Low-Blow 04-13-2016 10:56 PM

Rebuilding An 8Ba - Tips & Suggestions?
 

First of all, let me say that this is my first post here at Ford Barn. I have been a member of the H.A.M.B. for several years now, and was told that I could get really good advice on my project here. I recently scored a stock 8Ba out of a '53 Customline. I have no history on the the engine as far as when it last ran, or if there were any problems with it. The guy that I bought it from told me that the engine turned freely, but that there were a few valves that would not close. I have always wanted a Flathead, and the price was right, so I bought it. I brought it home and started tearing into it. With some help from an older friend, I now have a bare block. From initial inspection, there is only one crack. And, it is no where near the cylinder bore. I am in the process now of getting all the rust/scale out of the water jackets. I am then going to de-grease it and send it to the machine shop to have it magnafluxed and pressure tested.

My plans are to build something more than stock, but not a race engine. It will be a cruiser, and something that I would like to get 20K miles out of. My flatty has the EAB heads, which I am going to reuse. My older friend has a 4" Merc crank that he is going to let me use. It will likely need to be ground because of some rusting on the journals. I am also going to run dual 94 carbs. Some immediate questions that I have are as follows.

1. The cylinders do not have much wear. Assuming that the block checks out at the machine shop, how much should it should it be bored?

2. Cam recommendation?
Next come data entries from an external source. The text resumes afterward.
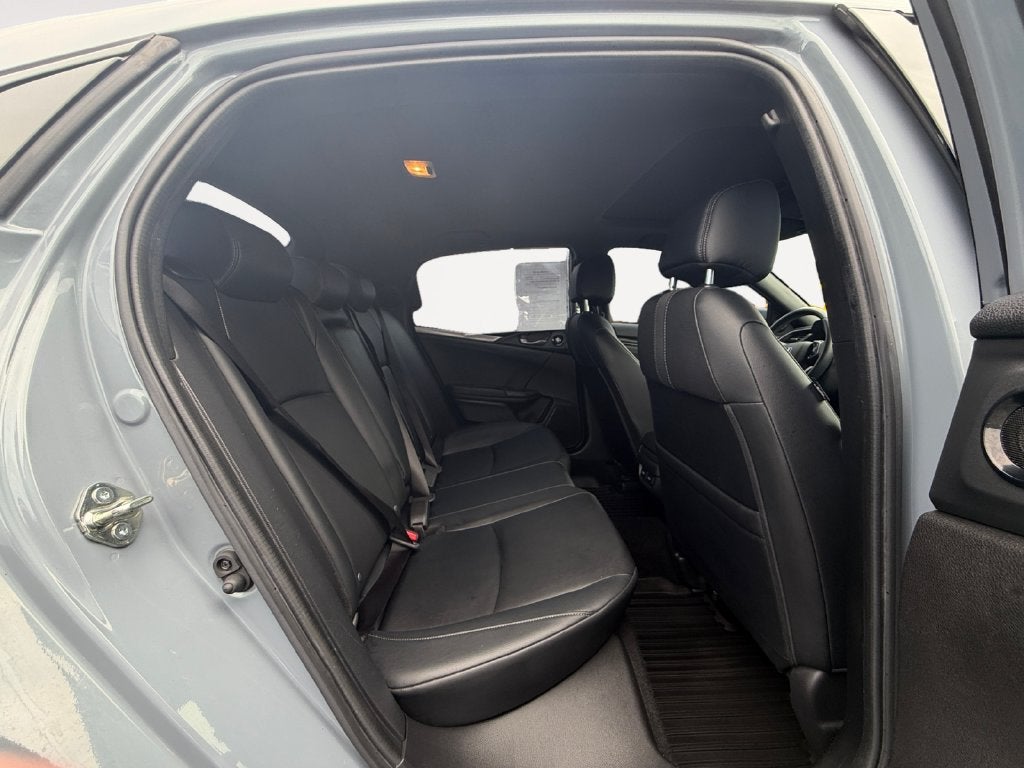2021 Honda Civic Sport Touring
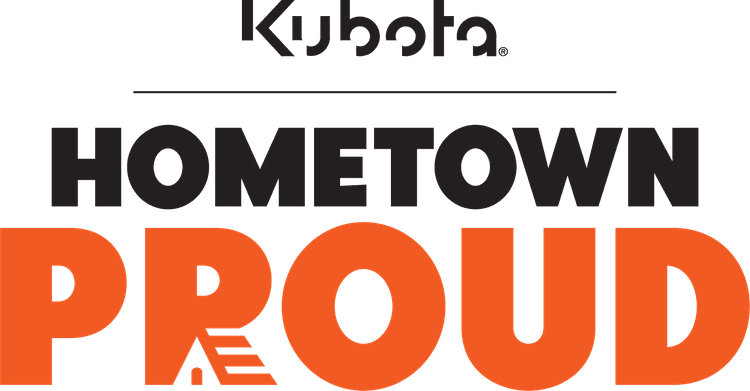 Fifth Annual Kubota Hometown Proud Grant Program Now Open Through May 9, 2025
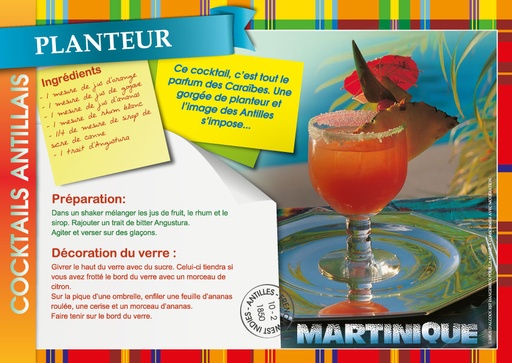 [63545] CP 10X15 MQ Recette MR2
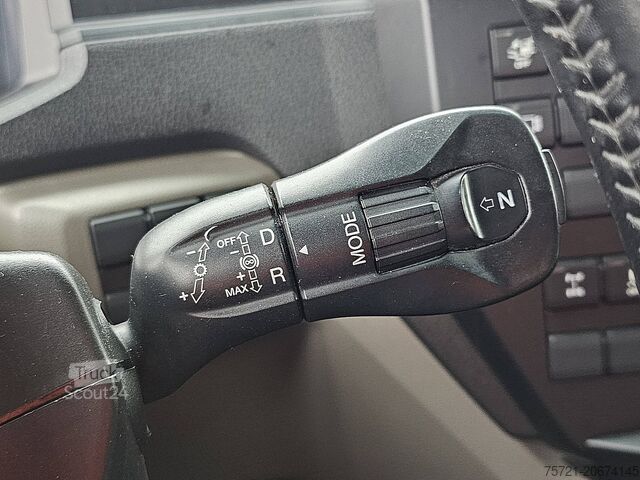 BDF sistemi M.A.N. 26.510 TGX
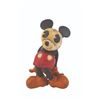 Image 1 : A Rare Large Mickey Mouse Rubber Figure.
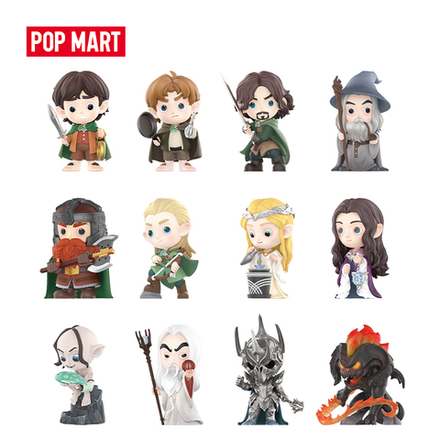 Рандомная фигурка Blind Box POP MART Lord of the Rings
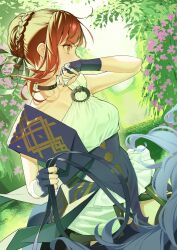 fate/strange fake fan art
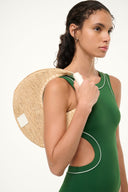 Image ST. REGIS MOON TOTE BAG | NATURAL PAPER 2 of 7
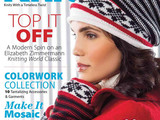 【轉(zhuǎn)載】Creative Knitting Winter 2015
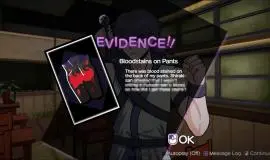 Скриншот 2 игры Kumitantei: Old-School Slaughter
I definitely want it to have that nasty, loping sound.

3. Adjustable lifters or not?

Any input or suggestions would be greatly appreciated. Thanks!

Binx 04-14-2016 12:44 AM

Re: Rebuilding An 8Ba - Tips & Suggestions?
 

For cam I would suggest the Isky 1007B as heard here with a 4" crank...

https://www.youtube.com/watch?v=V3-_wY0xHF4

I'd suggest inspecting the rear thrust surface on the crank before using it. That's the disc the back of the rear main bearing rides on. Be sure it is flat and smooth. If its rough and tapered to a knife edge, you'll wear your rods and wrist pins quickly.

Lonnie

Ray Balukas 04-14-2016 03:15 AM

Re: Rebuilding An 8Ba - Tips & Suggestions?
 

Get in touch with Walt Dupont here on the barn. The Flathead King!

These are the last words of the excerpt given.